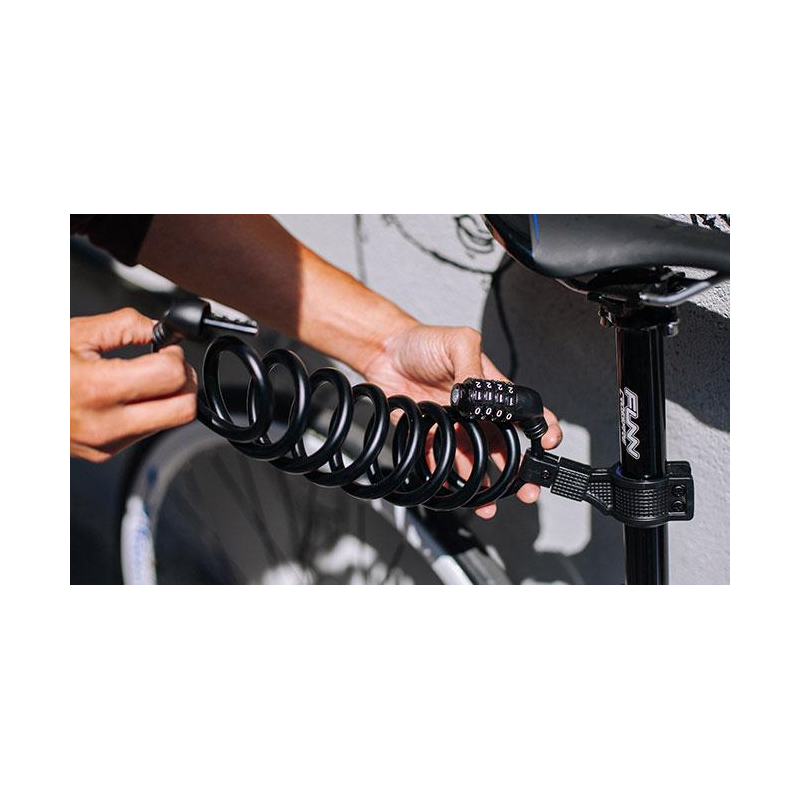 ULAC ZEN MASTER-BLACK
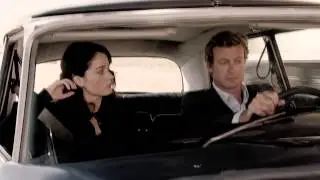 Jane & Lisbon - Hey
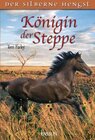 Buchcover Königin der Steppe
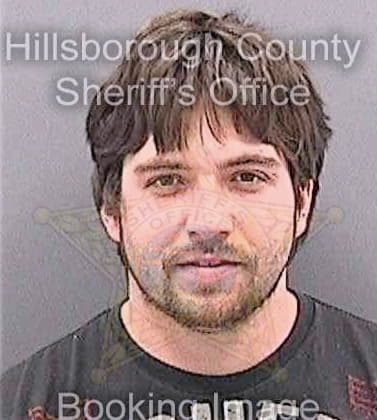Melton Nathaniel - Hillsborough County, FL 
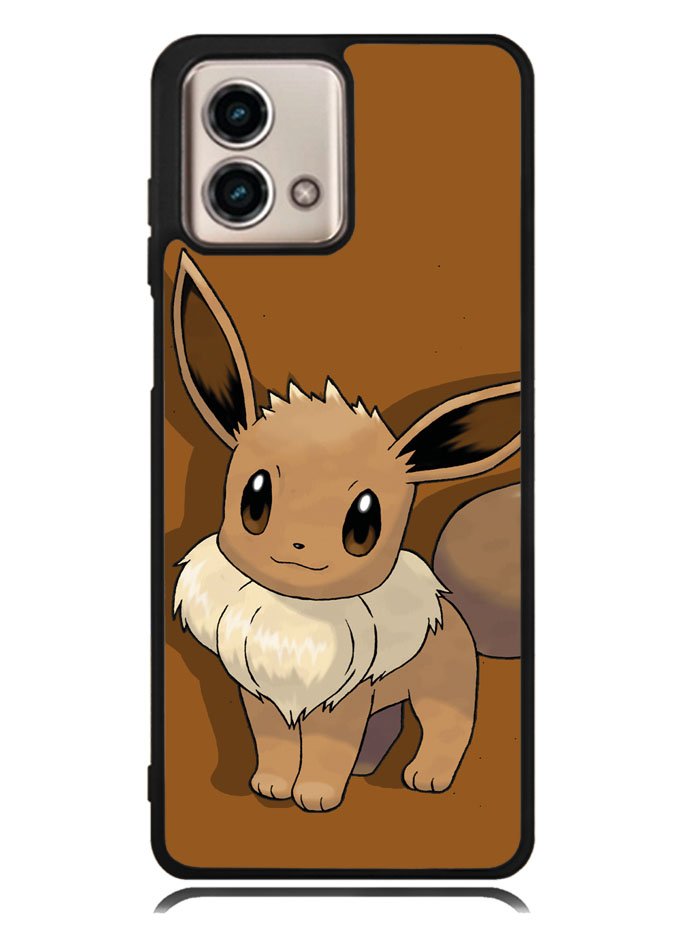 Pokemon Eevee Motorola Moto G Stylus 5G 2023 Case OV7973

☆ ☆ ☆ ☆ ☆

[Required work]
Repeat the data exactly, excluding the pictures.

[Result of this task]
 ULAC ZEN MASTER-BLACK
 Jane & Lisbon - Hey
 Buchcover Königin der Steppe
Melton Nathaniel - Hillsborough County, FL 
 Pokemon Eevee Motorola Moto G Stylus 5G 2023 Case OV7973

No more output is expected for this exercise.